Uitgaande van de juistheid van de FML heeft de rechtbank met juistheid geoordeeld dat de arbeidsdeskundige en de arbeidsdeskundige bezwaar en beroep voldoende hebben gemotiveerd dat de in de geselecteerde functies voorkomende belasting de belastbaarheid van appellante niet overschrijdt en dat appellante in staat moet worden geacht deze functies te vervullen. De arbeidsdeskundige bezwaar en beroep heeft in zijn rapport de daarin voorkomende signaleringen voldoende gemotiveerd toegelicht.
4.4.
Appellante wordt niet gevolgd in haar standpunt dat haar belastbaarheid in de geselecteerde functies van parkeercontroleur en magazijnmedewerker op het beoordelingspunt tillen (4.14 t/m 4.16) wordt overschreden omdat is vermeld dat zij tot ongeveer vijf kilogram achtereen kan tillen. De gemachtigde van het Uwv heeft gemotiveerd toegelicht – welke toelichting appellante niet heeft bestreden – dat in deze functies bij dit beoordelingspunt geen signaleringen voorkomen. Van de zijde van het Uwv is er ook terecht op gewezen dat de omstandigheid dat een arbeidsdeskundige overleg met een verzekeringsarts heeft gevoerd over een geselecteerde functie, wat volgens appellante bij de reservefunctie van assistent consultatiebureau het geval zou zijn geweest, niet betekent dat een arbeidsdeskundige daartoe bij elk van de geselecteerde functies is gehouden.
5. Uit 4.1 tot en met 4.4 volgt dat het hoger beroep niet slaagt. De aangevallen uitspraak zal worden bevestigd.

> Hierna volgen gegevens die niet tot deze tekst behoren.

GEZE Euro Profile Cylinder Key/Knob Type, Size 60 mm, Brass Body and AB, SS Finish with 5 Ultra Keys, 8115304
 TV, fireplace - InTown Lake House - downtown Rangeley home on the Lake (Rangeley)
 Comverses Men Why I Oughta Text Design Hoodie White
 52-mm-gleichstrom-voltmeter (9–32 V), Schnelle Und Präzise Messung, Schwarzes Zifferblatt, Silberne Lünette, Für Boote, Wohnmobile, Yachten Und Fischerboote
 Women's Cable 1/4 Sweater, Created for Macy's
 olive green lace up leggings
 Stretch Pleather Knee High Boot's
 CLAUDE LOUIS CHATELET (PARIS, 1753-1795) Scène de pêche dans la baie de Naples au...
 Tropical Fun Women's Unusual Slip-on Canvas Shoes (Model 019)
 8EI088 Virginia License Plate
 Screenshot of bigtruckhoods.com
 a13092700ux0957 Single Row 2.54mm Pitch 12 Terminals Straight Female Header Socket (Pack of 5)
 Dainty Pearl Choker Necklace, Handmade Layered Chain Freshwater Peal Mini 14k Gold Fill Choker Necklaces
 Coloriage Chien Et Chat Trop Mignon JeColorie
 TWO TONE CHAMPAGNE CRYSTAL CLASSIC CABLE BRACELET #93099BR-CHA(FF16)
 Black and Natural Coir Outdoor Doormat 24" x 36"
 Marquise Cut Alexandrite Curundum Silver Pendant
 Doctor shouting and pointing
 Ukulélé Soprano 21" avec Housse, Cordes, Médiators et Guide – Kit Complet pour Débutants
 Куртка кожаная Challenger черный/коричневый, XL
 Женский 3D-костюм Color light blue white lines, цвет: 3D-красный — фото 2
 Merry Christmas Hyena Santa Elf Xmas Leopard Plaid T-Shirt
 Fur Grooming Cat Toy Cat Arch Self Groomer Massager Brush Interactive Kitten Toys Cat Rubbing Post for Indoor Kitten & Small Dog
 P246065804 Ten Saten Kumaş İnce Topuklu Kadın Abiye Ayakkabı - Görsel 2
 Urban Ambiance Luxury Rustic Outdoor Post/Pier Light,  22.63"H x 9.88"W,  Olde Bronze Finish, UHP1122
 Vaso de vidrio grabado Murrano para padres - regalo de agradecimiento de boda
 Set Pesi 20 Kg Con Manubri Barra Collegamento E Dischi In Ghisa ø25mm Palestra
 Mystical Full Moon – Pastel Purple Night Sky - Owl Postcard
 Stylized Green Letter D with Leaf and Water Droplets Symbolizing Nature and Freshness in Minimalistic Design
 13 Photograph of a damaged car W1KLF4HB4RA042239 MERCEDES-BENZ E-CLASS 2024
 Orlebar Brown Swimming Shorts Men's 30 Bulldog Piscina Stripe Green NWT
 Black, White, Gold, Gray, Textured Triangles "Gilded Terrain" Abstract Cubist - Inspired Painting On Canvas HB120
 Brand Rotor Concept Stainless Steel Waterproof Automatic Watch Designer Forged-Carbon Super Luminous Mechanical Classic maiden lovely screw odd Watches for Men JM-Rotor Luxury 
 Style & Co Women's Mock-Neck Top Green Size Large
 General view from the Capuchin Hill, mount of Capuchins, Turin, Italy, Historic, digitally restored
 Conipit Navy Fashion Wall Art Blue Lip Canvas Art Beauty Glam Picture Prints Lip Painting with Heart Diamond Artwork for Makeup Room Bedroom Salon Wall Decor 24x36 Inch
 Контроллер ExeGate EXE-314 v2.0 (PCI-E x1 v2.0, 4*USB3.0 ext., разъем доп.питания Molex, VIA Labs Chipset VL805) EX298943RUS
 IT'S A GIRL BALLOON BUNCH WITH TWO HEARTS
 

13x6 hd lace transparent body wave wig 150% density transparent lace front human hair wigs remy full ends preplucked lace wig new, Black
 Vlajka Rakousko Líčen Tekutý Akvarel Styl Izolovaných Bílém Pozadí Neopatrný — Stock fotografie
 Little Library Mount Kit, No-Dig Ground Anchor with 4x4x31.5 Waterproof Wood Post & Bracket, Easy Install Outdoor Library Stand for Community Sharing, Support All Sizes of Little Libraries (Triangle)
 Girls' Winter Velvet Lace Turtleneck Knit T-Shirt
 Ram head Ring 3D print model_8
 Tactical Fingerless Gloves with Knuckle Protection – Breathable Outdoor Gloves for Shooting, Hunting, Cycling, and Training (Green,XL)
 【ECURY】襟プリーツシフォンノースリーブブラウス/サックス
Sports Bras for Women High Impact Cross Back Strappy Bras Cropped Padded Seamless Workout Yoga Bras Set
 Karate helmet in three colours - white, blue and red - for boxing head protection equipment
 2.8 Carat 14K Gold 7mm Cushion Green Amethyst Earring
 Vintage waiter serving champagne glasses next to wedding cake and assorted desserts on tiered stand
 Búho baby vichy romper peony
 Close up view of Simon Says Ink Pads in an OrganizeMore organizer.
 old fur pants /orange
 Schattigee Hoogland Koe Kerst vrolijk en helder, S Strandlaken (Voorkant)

6. Voor een veroordeling in de proceskosten bestaat geen aanleiding.

BESLISSING

De Centrale Raad van Beroep bevestigt de aangevallen uitspraak.
Deze uitspraak is gedaan door J.P.M. Zeijen, in tegenwoordigheid van P.B. van Onzenoort als griffier. De beslissing is uitgesproken in het openbaar op 1 mei 2019.
(getekend) J.P.M. Zeijen
De griffier is verhinderd te ondertekenen.